Dear EarthTalk: What is the “All One Ocean” campaign?
— Bill O’Neill, Los Angeles
All One Ocean is a non-profit campaign launched in 2010 by long-time author, activist and organizer Hallie Austen Iglehart with the goal of reducing the amount of plastic and other trash that ends up in the ocean where it compromises the health of marine wildlife and ecosystems. Iglehart was incensed to learn that a million seabirds and 100,000 marine mammals and turtles die each year from ingesting plastic in the water column-and created All One Ocean to do something about it.
Contrary to popular myth that most ocean pollution is oil spilled from ships, most of it is land-based litter. “The most dangerous litter is our throw-away plastic because of its longevity and capacity to increase in toxicity, eventually returning to the human food chain in a more lethal form,” reports Iglehart.
“Much of our plastic ends up in the ocean in giant collections of trash called gyres, created by circular ocean currents,” she adds. “They trap debris for decades where it continues to break into ever smaller, more toxic pieces, never fully biodegrading.” Of particular concern to Iglehart is the fact that much of this carelessly discarded plastic winds up in the bellies of marine life, contaminating not just ocean ecosystems but in some cases the very seafood on our dinner plates.
The main project of All One Ocean is the creation and maintenance of permanent, community supported Beach Clean Up Stations, which are essentially boxes containing reusable bags for beach visitors to use in picking up trash during their time on the sand and in the surf. The idea is to empty any garbage into a trash can somewhere (so it can find its way to a landfill instead of out into the ocean) and then ideally return the bag empty to the box. Each clean-up station also provides a sign with information on the extent of the problem and other ways individuals can help. The idea, according to Iglehart, is to provide “a simple, doable way for people to have fun cleaning up trash as they enjoy their beach activities.”
“The Beach Clean Up Station is a practical way to insure that clean up is happening everyday on all our beaches,” says Iglehart. “Like ‘adopt a highway’ campaigns, Beach Clean Up Stations create community around care for and education about these clean up hubs.”

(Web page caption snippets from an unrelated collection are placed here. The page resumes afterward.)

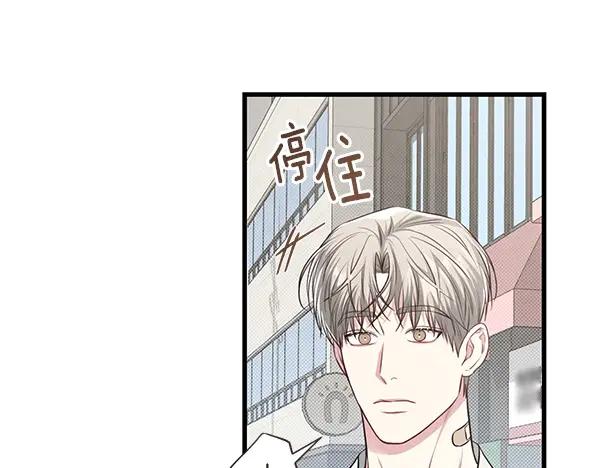 第246页
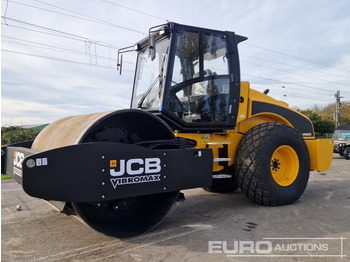 Ваљак JCB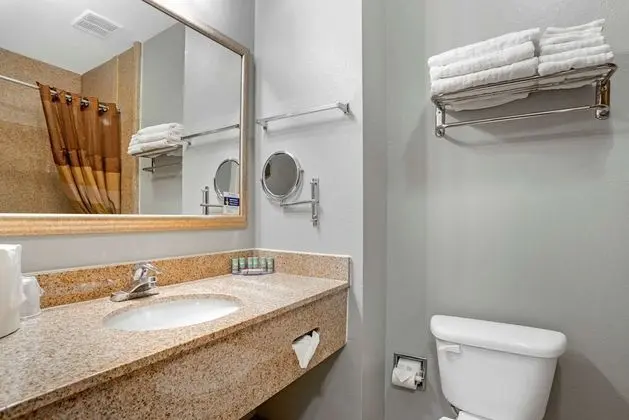 Süit, 1 En Büyük (King) Boy Yatak, Sigara İçilmez, Sıcak Su Küveti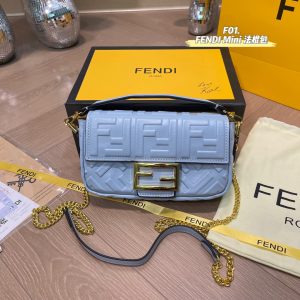 Reddit FashionReps Fendi Bag  FashionReps Bags 09YAA6714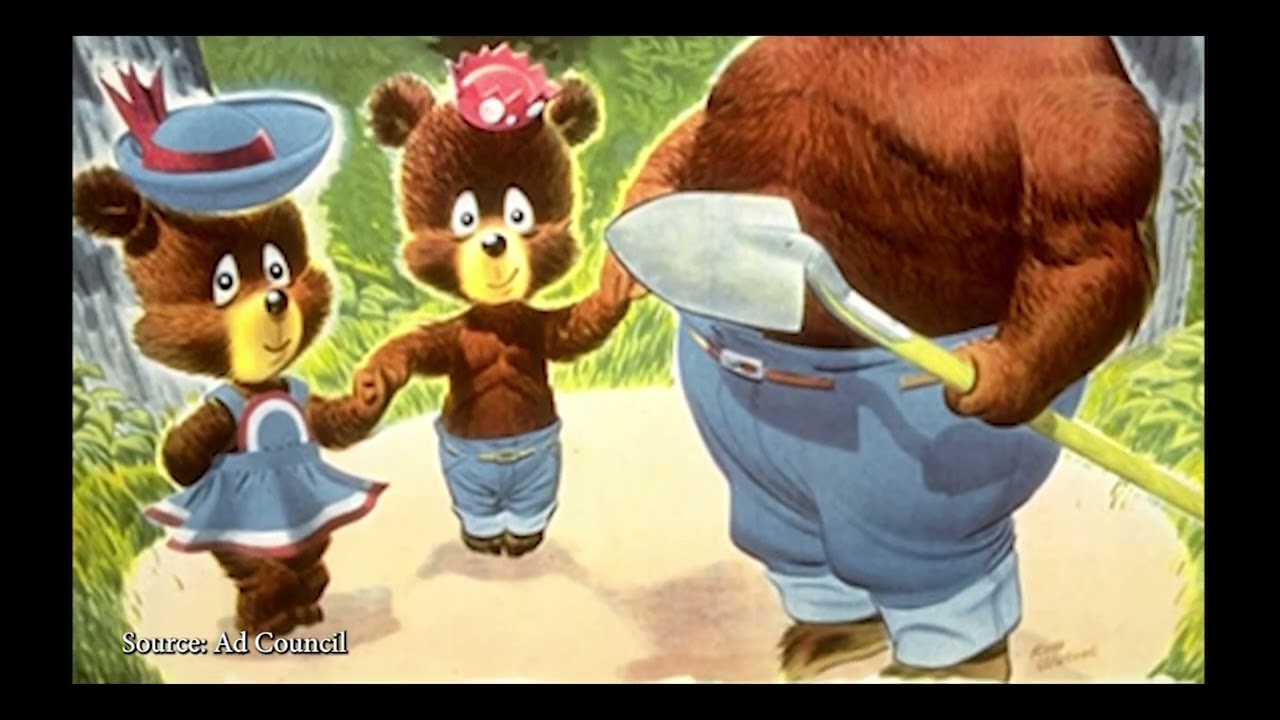 What is Public Relations?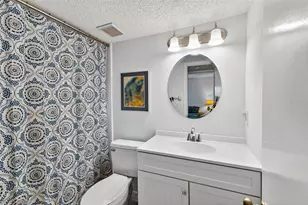 305 Mission Trail W, Venice, FL 34285 - Photo 21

She would like to see Beach Clean Up Stations in place at coastal and even freshwater beaches all around the world, but for now the group is starting out in Northern California. The first one was put in place at Limantour Beach at the Point Reyes National Seashore in Marin County there, with several following at other San Francisco Bay area beaches. Iglehart hopes the campaign will encourage people to reconsider their consumption of single use plastics, since the production and distribution of such items contributes not just to the demise of the oceans but also to increased global warming.
Unlike many environmental issues that seem beyond our control, cleaning up beaches is something anyone can do and indeed every little bit helps. “Every tiny piece of human trash picked up,” Iglehart reminds us, “is one less toxin in someone’s stomach.”